Иван Иванович, по-видимому, совершенно не ожидал такого вопроса.
— Я не знаю! — сказал он, как ребенок, застигнутый врасплох.
— А вот есть средствие!.. Узнаешь, что говорят, примерно, овцы, коровы, лошади; все ихние мысли — все!
— Да зачем же это?
— Как зачем? Мало ли что человеку знать желательно, да богом ему не дано. Примером скажем — падеж, болезнь, хворь какая… Пойдет скотина валиться, человек не знает причины, а скотина знает. Она еще когда знает это! Примером, возьми так: едешь ты со двора, а лошадь нейдет, упирается, — что, мол, такое? Ударил ее кнутом, побил, поехал — хвать, волки напали! Видишь вот, она-то знала, а ты-то не знал… Вот человек и добивается…
— И точно есть средствие?
— Есть. Но только уж извини, уж это не от бога!.. Нет! Бог не положит этого человеку. А это уж дело… того самого… черненького… Его! Вот то, что я наперед сказывал, об лошади — то от бога, а это — от черномазого… Это уж он наущает.
— А все-таки наущает?
— Вота!.. Ка-ак!..
— Ну какое же средствие-то?
— А вот какое: первое дело, надобно сказать, скотина разговаривает все-навсего раз в год, как раз под новый год, в полночь. Тут у ней идет предсказание, что с кем будет. Видишь. Вот, друг ты мой, под самый-то под новый год требуется тебе первым долгом хлебец благовещенский скушать с четверговою солью. Первое это дело. Скушал ты хлебец, надевай шапку и шубу шерстью вверх, а самый корень всему делу — кость человечья: откуда хочешь, достань кость от человечьей ноги; и как ты кость достал, иди в полночь в хлев и садись в угол, а кость приставь к уху — тут все и окажется. Сейчас и услышишь, как одна лошадь другой говорит: «А меня, например, на покров волк будет поджидать». Другая ей: «Где, мол?» — «Там-то!» Ну, кто знает, и не едет тем местом. Вот какое средствие! Ну только уж от нечистого, от него. Это дело не божие, говорить нечего…
— Да ведь это… изобретение! — воскликнул Иван Иванович, — ведь это — телефон какой-то! Помилуйте, съешь то-то, надень так-то, приставь к уху… Какая точность, определенность!..

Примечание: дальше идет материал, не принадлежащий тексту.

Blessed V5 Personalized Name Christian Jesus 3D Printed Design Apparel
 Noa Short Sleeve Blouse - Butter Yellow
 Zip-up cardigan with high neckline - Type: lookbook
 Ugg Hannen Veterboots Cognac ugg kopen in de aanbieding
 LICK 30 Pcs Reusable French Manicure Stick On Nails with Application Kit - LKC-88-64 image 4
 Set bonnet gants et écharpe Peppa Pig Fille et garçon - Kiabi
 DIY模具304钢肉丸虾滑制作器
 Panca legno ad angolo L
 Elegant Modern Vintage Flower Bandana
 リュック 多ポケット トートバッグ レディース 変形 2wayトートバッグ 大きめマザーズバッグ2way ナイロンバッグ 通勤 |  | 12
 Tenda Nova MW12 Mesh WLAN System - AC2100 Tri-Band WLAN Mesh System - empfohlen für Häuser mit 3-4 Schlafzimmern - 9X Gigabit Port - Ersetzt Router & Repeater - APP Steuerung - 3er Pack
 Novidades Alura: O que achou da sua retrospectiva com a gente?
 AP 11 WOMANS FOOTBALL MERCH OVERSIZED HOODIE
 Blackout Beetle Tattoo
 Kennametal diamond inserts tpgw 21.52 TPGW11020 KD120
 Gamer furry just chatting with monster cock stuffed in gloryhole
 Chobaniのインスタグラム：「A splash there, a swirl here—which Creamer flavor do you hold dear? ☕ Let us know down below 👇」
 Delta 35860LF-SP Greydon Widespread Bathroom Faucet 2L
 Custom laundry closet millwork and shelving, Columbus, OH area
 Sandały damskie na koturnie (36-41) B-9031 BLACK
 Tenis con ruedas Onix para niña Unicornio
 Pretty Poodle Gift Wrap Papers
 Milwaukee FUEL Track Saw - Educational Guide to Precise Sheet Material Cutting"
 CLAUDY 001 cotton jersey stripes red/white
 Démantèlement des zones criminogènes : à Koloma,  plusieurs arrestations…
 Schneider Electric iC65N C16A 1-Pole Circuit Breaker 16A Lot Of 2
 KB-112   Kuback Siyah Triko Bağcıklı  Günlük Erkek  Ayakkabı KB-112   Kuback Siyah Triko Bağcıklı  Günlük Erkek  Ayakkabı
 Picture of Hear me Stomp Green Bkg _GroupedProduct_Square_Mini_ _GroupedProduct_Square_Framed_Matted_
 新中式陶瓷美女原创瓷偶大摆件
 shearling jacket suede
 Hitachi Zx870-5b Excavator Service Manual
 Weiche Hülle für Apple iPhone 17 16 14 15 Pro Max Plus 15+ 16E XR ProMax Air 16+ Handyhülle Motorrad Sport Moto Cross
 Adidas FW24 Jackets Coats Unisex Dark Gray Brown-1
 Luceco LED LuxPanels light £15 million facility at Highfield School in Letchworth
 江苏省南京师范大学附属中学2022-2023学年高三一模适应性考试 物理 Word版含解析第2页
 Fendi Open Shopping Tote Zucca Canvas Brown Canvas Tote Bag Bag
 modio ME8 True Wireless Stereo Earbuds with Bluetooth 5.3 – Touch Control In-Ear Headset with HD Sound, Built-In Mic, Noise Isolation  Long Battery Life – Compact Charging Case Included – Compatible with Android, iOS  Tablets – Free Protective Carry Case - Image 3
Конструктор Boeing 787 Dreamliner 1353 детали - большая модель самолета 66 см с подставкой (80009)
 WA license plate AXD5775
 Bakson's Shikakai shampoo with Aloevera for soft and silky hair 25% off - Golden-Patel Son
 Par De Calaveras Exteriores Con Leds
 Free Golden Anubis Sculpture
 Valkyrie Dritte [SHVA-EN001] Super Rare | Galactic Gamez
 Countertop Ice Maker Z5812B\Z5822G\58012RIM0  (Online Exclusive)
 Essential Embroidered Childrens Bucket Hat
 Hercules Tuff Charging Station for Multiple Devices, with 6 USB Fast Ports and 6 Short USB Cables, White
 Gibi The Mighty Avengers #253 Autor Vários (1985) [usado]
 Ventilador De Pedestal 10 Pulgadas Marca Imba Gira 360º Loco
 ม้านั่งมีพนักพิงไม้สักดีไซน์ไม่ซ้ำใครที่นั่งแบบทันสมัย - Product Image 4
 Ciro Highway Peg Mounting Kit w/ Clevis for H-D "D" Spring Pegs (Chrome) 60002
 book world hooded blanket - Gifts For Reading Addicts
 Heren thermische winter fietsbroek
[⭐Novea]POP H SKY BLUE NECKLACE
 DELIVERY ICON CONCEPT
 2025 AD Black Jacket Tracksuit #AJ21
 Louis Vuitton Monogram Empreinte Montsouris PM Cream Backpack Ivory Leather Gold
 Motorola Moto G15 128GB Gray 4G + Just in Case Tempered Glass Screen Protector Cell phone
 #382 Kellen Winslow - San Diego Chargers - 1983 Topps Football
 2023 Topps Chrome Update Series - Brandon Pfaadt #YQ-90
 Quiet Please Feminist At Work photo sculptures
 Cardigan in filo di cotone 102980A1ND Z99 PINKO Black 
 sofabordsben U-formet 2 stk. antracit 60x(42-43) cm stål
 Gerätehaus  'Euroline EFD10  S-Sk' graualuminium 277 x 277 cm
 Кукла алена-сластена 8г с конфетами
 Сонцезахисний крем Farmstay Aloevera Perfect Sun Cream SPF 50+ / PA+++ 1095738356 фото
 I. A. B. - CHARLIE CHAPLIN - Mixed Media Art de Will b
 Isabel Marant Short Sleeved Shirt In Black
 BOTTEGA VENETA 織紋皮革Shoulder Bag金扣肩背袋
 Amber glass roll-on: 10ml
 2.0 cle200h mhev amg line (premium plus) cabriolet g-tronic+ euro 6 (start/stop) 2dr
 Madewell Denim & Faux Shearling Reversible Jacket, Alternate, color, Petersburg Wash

И опять мы поговорили об народе и похвалили…
Усадьба, в которую мы доехали часа через два, была как нельзя больше подходяща к нашему тогдашнему настроению. Особенно поразило нас обоих то, что она совершенно соответствовала нашим дорожным мечтаниям даже по внешнему виду — и горка и на горе храм сельский, ветхий, с жалобным колоколом. Даже старичок с палочкой — и тот оказался на своем месте: именно шел по косогору ко храму… Солнце тоже было на своем месте и в том самом виде, как рисовал себе Иван Иванович, то есть оно приветливо, щедро рассыпало свои благотворные лучи. Усадьба, стоявшая на пригорке в саду, была вся залита солнечными лучами; словом, все было приветливо, просто, тихо и покойно, все и все нам понравилось. Понравилась усадьба, понравились мужики, снимавшие шапки, и вид местности, и храм, и речка, которая еще только вздувалась подо льдом, словом — все как нельзя больше соответствовало нашим желаниям. Иван Иванович был просто в восхищении… С двух слов усадьба была нанята на круглый год, задаток дан, условились о времени переезда, о необходимых починках; постояли на крыльце, выходившем в сад, помечтали о том, как все это будет хорошо летом, закусили у арендаторши усадьбы чем бог благословил, но с удовольствием и неимоверным аппетитом, и тронулись в обратный путь. Необходимость возвратиться в Петербург заставила нас вновь заводить речь о прелестях деревни и о неприятностях столицы; но я передавать их не буду.